The crew of the Natalia Zoja and the deployed troops from Starkweather will meet up eventually as treachery brings them into the battle of their lives—and the beginning of a battle for the Realm—and as a God who seems to be seeking them brings them into a battle for their souls.

Marcher Lord Press publisher and editor-in-chief Jeff Gerke gives this background info on the MLP website:

Steve’s space opera is truly an epic. Though there are dozens of characters, many of whom are superficially similar—space marines, deep space navigators, young cadets, trained assassins—I was somehow never confused who was who.

That, in and of itself, is remarkable. Then add a brilliant story of deep treachery, a crumbling monarchy, forbidden faith, and a warrior family’s pride—all set against the recovery of a book so dangerous that the secret police would wipe out a world to obtain—and you’ve got a recipe for incredible speculative fun.

But the thing was very long. Like 170,000 words long. I started looking for a cliffhanger around the midpoint. We ended up finding a great one.

You bet they did. But don’t let that stop you from diving in—Book 2, The Word Unleashed, is already out.







4 responses to “Review: The Word Reclaimed”

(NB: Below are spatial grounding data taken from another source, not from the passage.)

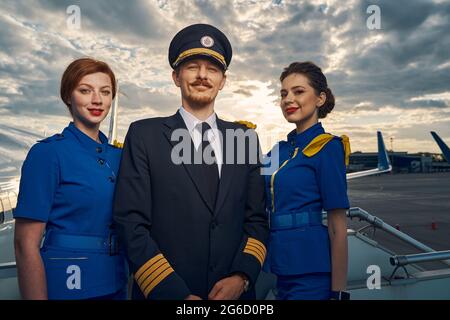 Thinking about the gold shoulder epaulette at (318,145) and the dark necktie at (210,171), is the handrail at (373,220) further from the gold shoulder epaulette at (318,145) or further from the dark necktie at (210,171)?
the dark necktie at (210,171)

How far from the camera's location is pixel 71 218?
2.03 m

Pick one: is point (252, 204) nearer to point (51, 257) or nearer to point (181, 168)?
point (181, 168)

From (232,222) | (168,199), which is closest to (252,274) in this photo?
(232,222)

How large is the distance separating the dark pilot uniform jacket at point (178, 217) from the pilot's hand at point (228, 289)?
58 mm

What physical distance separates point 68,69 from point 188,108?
76cm

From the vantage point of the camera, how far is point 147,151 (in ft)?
6.83

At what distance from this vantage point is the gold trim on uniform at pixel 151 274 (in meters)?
1.86

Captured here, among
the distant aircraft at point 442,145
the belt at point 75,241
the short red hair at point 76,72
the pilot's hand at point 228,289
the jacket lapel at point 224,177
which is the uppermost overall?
the distant aircraft at point 442,145

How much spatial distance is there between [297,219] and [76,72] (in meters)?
1.66

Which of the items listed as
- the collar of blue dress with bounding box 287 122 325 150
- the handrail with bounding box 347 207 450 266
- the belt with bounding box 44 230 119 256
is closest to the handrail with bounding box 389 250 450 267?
the handrail with bounding box 347 207 450 266

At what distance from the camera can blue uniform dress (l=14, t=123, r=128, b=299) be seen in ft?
6.44

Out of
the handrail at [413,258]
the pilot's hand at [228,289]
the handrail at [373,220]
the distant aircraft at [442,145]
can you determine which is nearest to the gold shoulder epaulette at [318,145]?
the pilot's hand at [228,289]

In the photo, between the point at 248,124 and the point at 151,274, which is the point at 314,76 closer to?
the point at 248,124

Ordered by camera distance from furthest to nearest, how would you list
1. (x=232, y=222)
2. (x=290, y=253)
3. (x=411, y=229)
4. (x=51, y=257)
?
(x=411, y=229)
(x=290, y=253)
(x=232, y=222)
(x=51, y=257) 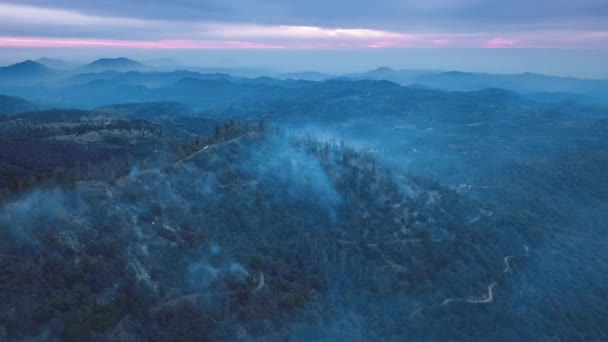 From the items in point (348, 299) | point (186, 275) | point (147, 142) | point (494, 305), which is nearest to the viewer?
point (186, 275)

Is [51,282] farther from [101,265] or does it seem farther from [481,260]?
[481,260]

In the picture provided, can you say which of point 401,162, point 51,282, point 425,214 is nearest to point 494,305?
point 425,214

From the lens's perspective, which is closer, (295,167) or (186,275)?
(186,275)

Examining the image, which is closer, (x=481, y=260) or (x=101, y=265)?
(x=101, y=265)

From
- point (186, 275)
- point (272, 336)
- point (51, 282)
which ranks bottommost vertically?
point (272, 336)

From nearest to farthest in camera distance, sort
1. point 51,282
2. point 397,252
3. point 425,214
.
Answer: point 51,282
point 397,252
point 425,214

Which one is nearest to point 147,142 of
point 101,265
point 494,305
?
point 101,265

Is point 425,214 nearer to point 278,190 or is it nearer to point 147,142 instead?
point 278,190

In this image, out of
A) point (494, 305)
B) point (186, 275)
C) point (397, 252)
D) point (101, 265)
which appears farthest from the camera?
point (397, 252)

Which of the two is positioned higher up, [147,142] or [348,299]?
[147,142] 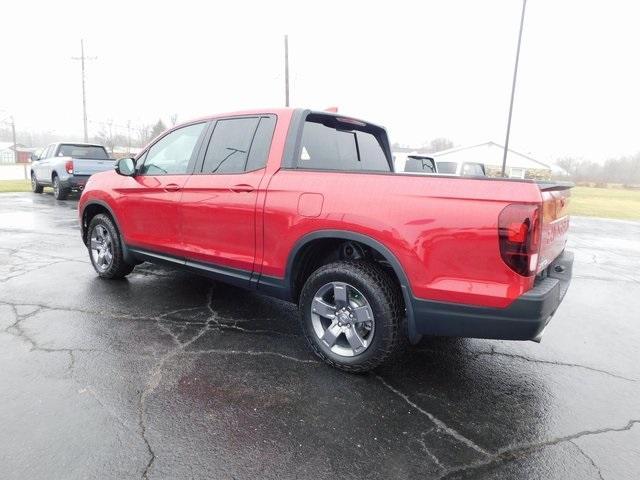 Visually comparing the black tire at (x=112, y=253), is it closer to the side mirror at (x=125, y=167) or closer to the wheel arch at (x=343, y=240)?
the side mirror at (x=125, y=167)

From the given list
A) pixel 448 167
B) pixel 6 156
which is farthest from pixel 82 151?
pixel 6 156

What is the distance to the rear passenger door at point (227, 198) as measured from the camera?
3459 millimetres

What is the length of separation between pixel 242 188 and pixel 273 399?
166cm

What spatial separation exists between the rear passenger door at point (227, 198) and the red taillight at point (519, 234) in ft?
6.07

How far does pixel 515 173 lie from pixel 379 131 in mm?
52698

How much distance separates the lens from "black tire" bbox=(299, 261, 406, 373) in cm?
281

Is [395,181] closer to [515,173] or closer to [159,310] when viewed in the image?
[159,310]

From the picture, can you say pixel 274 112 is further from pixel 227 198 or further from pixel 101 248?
pixel 101 248

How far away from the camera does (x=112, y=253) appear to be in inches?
194

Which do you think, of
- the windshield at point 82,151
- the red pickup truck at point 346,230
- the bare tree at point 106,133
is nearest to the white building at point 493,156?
the bare tree at point 106,133

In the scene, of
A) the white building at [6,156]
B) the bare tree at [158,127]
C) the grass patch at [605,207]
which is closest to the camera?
the grass patch at [605,207]

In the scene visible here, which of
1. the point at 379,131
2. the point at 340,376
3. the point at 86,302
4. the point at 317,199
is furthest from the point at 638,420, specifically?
the point at 86,302

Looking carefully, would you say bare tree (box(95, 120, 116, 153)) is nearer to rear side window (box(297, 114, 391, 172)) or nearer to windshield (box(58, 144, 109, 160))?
windshield (box(58, 144, 109, 160))

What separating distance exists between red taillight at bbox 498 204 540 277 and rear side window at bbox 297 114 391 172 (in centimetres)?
152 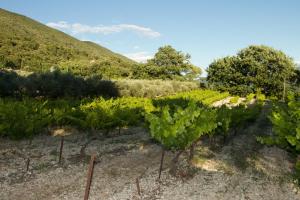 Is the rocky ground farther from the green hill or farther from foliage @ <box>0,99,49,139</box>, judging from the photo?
the green hill

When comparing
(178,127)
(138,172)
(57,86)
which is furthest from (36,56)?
(178,127)

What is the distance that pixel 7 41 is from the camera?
6350 centimetres

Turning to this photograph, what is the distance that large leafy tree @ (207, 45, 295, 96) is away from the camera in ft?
181

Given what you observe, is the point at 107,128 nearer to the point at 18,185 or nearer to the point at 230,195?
the point at 18,185

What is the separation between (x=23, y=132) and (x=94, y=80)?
1876 cm

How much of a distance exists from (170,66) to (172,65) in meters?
0.87

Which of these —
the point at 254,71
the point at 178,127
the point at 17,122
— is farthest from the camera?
the point at 254,71

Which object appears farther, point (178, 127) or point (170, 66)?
point (170, 66)

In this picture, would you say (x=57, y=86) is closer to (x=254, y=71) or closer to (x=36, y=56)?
(x=254, y=71)

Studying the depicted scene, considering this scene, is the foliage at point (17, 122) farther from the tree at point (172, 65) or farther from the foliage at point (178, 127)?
the tree at point (172, 65)

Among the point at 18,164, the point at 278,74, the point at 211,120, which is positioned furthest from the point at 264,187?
the point at 278,74

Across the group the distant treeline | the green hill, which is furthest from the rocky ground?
the green hill

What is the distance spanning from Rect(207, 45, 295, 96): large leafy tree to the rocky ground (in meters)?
41.9

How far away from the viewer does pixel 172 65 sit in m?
70.4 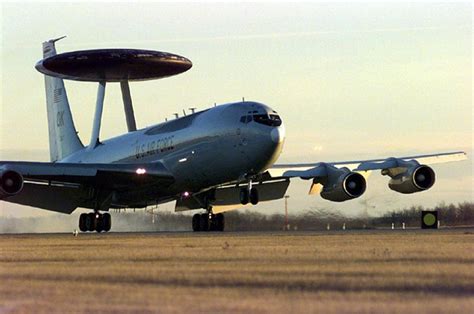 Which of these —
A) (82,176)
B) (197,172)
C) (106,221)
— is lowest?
(106,221)

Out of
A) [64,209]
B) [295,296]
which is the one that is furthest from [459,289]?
[64,209]

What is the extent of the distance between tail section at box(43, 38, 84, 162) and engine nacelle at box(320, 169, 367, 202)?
21540 mm

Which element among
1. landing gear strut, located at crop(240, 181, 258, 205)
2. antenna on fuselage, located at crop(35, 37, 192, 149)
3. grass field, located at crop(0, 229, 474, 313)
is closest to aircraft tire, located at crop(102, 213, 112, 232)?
A: antenna on fuselage, located at crop(35, 37, 192, 149)

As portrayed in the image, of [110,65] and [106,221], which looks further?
[110,65]

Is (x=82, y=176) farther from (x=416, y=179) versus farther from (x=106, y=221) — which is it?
(x=416, y=179)

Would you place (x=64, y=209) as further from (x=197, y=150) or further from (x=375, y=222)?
(x=375, y=222)

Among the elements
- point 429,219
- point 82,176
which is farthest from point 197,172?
point 429,219

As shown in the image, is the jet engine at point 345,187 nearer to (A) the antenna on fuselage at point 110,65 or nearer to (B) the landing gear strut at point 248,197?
(B) the landing gear strut at point 248,197

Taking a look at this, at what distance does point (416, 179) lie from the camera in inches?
2077

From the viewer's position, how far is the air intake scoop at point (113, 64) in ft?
218

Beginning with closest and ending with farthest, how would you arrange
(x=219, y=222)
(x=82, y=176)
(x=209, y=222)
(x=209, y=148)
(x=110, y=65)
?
1. (x=209, y=148)
2. (x=209, y=222)
3. (x=219, y=222)
4. (x=82, y=176)
5. (x=110, y=65)

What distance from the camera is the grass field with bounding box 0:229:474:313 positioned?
11562mm

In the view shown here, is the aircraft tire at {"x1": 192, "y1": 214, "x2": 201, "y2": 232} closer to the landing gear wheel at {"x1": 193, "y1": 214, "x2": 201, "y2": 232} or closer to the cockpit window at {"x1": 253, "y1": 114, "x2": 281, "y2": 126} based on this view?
the landing gear wheel at {"x1": 193, "y1": 214, "x2": 201, "y2": 232}

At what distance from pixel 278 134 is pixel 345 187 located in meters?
7.93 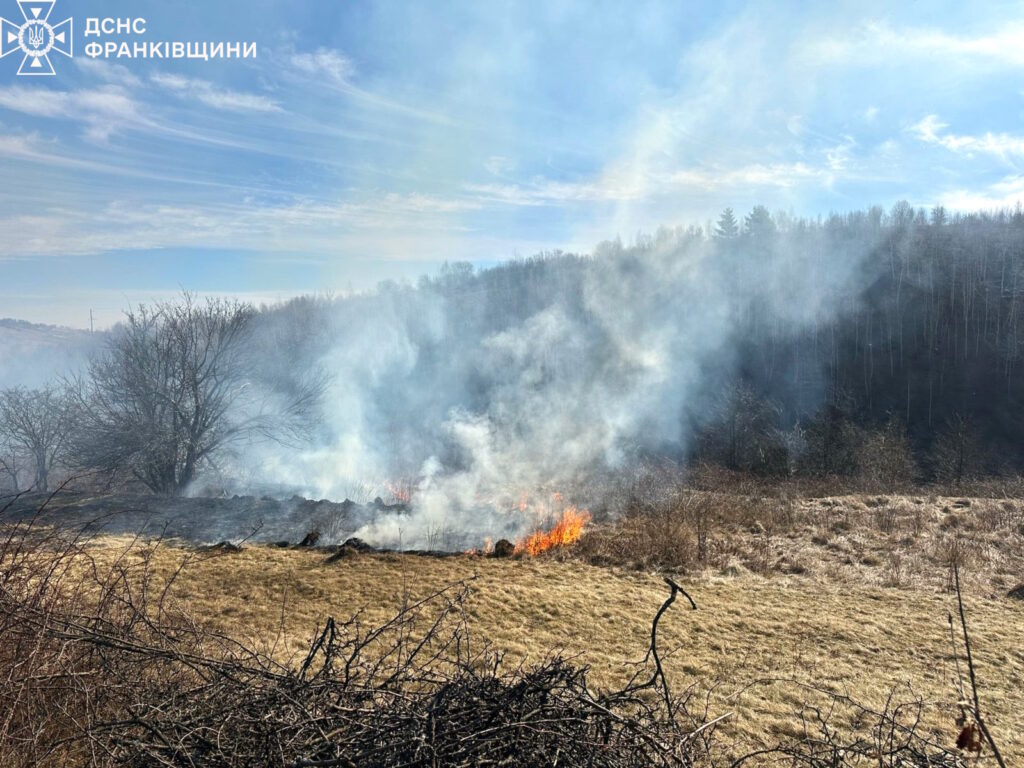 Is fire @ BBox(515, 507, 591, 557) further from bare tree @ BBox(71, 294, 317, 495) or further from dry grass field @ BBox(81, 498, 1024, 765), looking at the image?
bare tree @ BBox(71, 294, 317, 495)

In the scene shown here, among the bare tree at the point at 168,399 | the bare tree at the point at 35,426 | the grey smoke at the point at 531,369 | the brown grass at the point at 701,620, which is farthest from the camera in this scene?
the grey smoke at the point at 531,369

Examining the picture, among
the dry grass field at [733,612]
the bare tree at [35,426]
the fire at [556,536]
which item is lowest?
the fire at [556,536]

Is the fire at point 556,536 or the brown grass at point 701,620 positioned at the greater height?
the brown grass at point 701,620

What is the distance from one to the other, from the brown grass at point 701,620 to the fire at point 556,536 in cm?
77

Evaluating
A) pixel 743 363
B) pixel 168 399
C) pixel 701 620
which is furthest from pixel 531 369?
pixel 701 620

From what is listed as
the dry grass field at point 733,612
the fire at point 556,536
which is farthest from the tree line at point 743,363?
the fire at point 556,536

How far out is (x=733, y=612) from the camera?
381 inches

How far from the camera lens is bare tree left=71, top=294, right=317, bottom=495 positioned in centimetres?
1900

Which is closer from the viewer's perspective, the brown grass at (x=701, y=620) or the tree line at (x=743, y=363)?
the brown grass at (x=701, y=620)

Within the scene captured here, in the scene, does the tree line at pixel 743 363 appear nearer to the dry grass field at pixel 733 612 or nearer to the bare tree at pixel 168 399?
the bare tree at pixel 168 399

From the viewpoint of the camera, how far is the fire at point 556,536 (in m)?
14.0

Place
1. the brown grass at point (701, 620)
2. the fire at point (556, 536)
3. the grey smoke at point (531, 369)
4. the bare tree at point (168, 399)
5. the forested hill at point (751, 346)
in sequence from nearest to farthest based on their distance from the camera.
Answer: the brown grass at point (701, 620), the fire at point (556, 536), the bare tree at point (168, 399), the grey smoke at point (531, 369), the forested hill at point (751, 346)

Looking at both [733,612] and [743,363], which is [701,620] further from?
[743,363]

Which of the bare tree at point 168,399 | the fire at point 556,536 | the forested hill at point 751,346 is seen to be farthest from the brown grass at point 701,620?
the forested hill at point 751,346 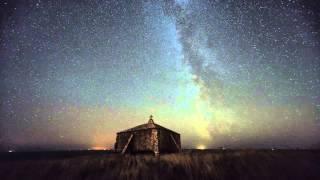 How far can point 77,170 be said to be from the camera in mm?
16609

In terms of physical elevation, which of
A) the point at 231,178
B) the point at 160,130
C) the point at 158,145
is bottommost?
the point at 231,178

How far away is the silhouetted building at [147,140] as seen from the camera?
29.7 metres

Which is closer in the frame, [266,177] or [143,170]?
[266,177]

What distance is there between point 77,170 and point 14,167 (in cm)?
557

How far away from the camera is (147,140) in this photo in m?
30.1

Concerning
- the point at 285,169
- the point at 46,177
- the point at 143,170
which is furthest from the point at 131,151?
the point at 285,169

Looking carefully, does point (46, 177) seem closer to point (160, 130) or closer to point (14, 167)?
point (14, 167)

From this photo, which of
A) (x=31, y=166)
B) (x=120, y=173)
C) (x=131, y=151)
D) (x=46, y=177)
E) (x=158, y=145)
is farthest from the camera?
(x=131, y=151)

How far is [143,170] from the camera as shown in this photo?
17.3 meters

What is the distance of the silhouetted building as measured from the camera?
29719 millimetres

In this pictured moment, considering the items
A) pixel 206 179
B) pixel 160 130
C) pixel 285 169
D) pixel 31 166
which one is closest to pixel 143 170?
pixel 206 179

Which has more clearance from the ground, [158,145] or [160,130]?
[160,130]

  1. Rachel Starr Thomson Avatar

    Yup, it’s for adults. I really enjoyed it. I agree that family trees etc. can be really cool as well as interesting. Your book shouldn’t NEED them, but that doesn’t mean they can’t be an asset!

  2. Elisabeth Avatar

    I like books that have lists of characters and things in the front – family trees or whatever. I read somewhere that if you have to list your characters, you can’t tell the story well enough … but I think family trees, maps and diagrams can really PULL a reader into the world of a book – especially if the world of book is NOT the world of the author! How neat that this book (for adults, I assume!) had lists in the front – and was BIG!

  3. Rachel Avatar

    No problem, Steve! I think you can say it was done well — I bought your second book and am waiting with bated breath until it gets here so I can finish the story. And I do understand the economic and physical difficulties of publishing novels the size of Encyclopedia Britannica. Thanks for a fantastic story!

  4. Steve Rzasa Avatar

    Thanks for the review, Rachel — and my apologies for the necessary cliffhanger 🙂 I too tend to feel that way about cliffhangers, unless they’re done well!